Sunday 28 November 2010

Back to blogging after a two month break.............

I have had a couple of months between blogs. Not that I didn't know what to write about, it's just that I seemed to have too many things to do at once. Not to mention a lot of stress…whoops did I just mention that?

However I did find bit of time for leisure. My art group was running through September and October plus we had a small exhibition, so I was kept busy painting and helping organise things. We are going to have a much bigger exhibition at Christmas time, and so I am looking forward to that. I shall be displaying around a dozen paintings. We are holding the exhibition in a hotel. Our stand will be in an annex between two restaurants, so our work should be seen by quite a few people.
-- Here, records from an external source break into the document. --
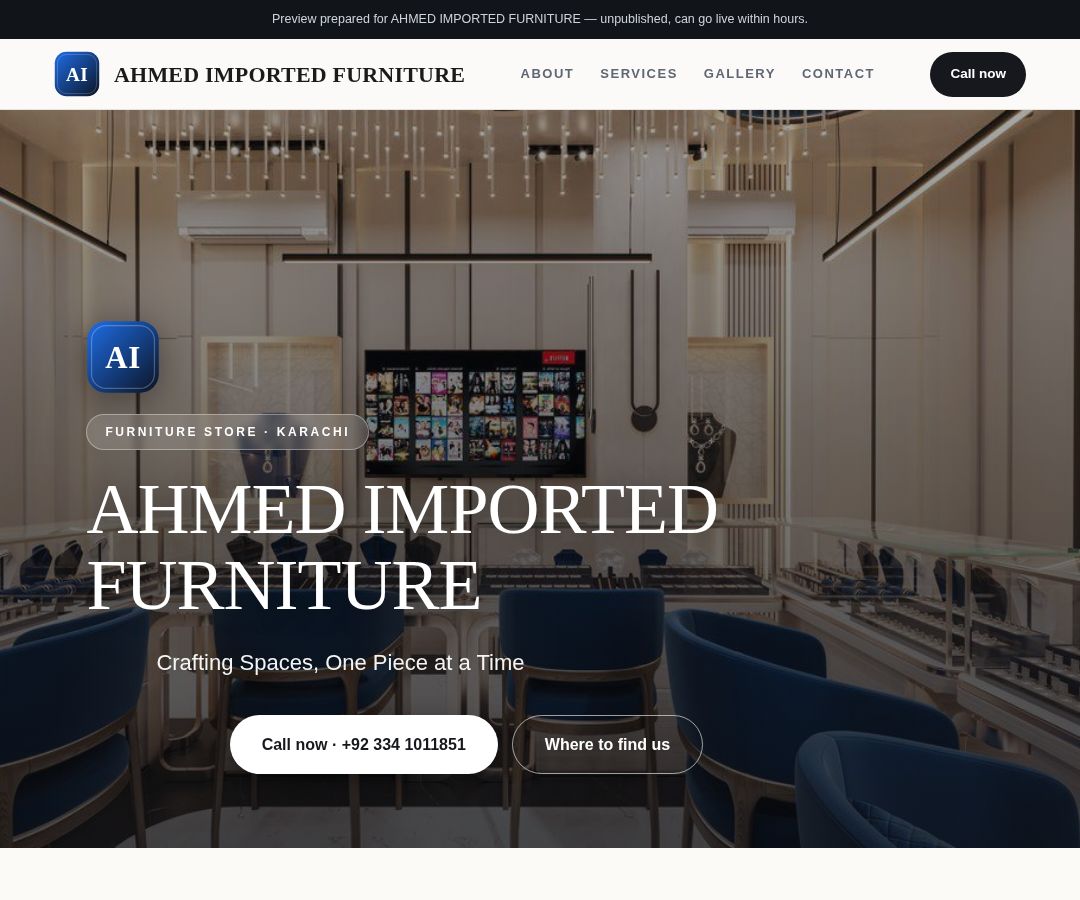 AHMED IMPORTED FURNITURE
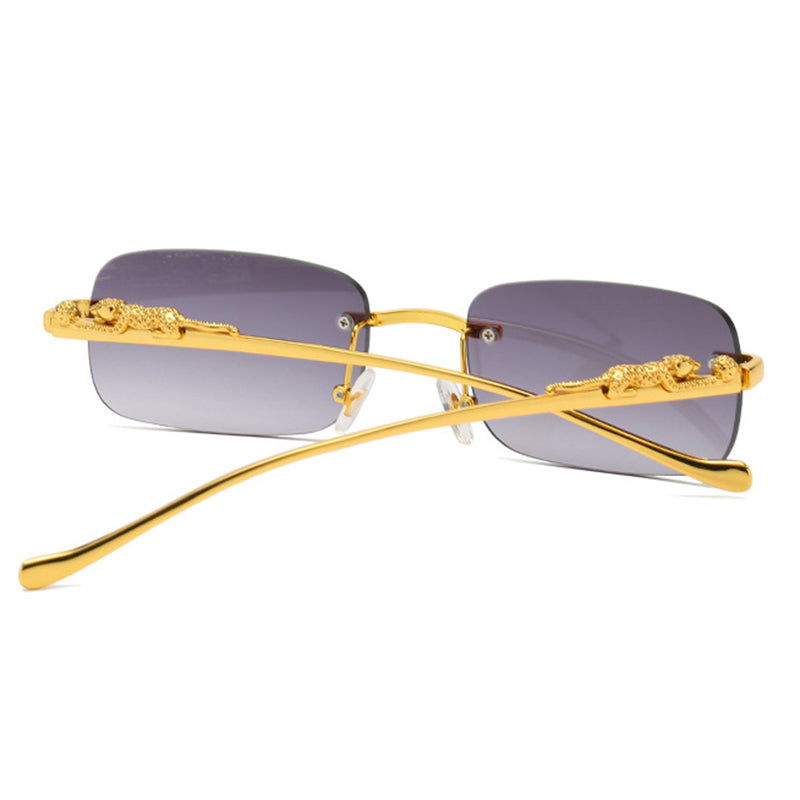 Badon Marchand Rimless Square Sunglasses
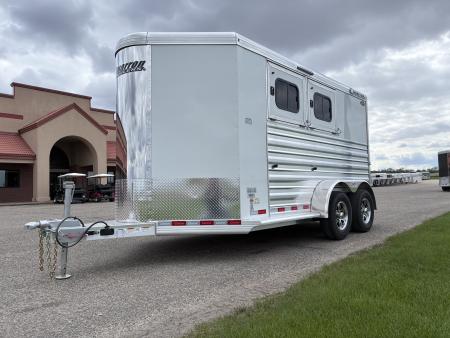 New 2027 Cimarron Trailers 2 Horse Slant Load Bumper Pull Horse Trailer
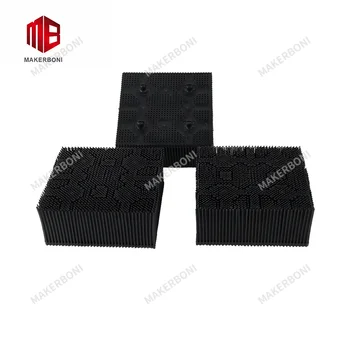 Cutting Machine Parts 101.5*101.5*40.64(mm) Round Feet Bristle For Gerber GTXL S91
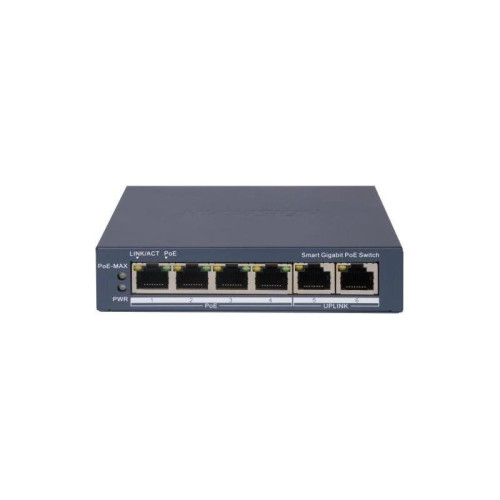 Коммутатор Hikvision DS-3E1506P-EI (L2) 6x1Гбит/с 4PoE 60W управляемый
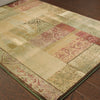 Oriental Weavers Generations 1527X Green/Beige Area Rug Closeup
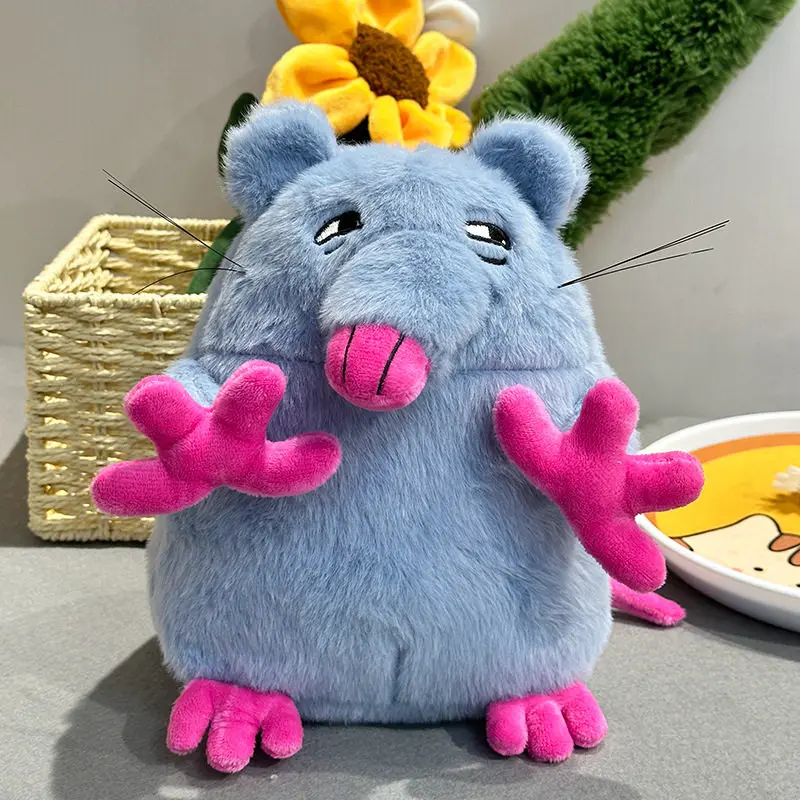 Pizza Tower Stupid Mouse Fur Toy, Funny Little Mouse, Funny Creative Fur Doll Pendant, Home Ornament Children's Birthday Gifts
I treated myself to Neil Diamond's latest CD "Dreams". Another scaled down mainly acoustic album of some of his favourite songs written by other people. I particularly loved "Ain't no Sunshine" written by Bill Withers and previously recorded by Michael Jackson and the Jackson Five. I also loved Neil's rendition of Leslie Duncan's "Love Song", a previous version by Elton John. There's also a fine rendition of "Midnight Train to Georgia".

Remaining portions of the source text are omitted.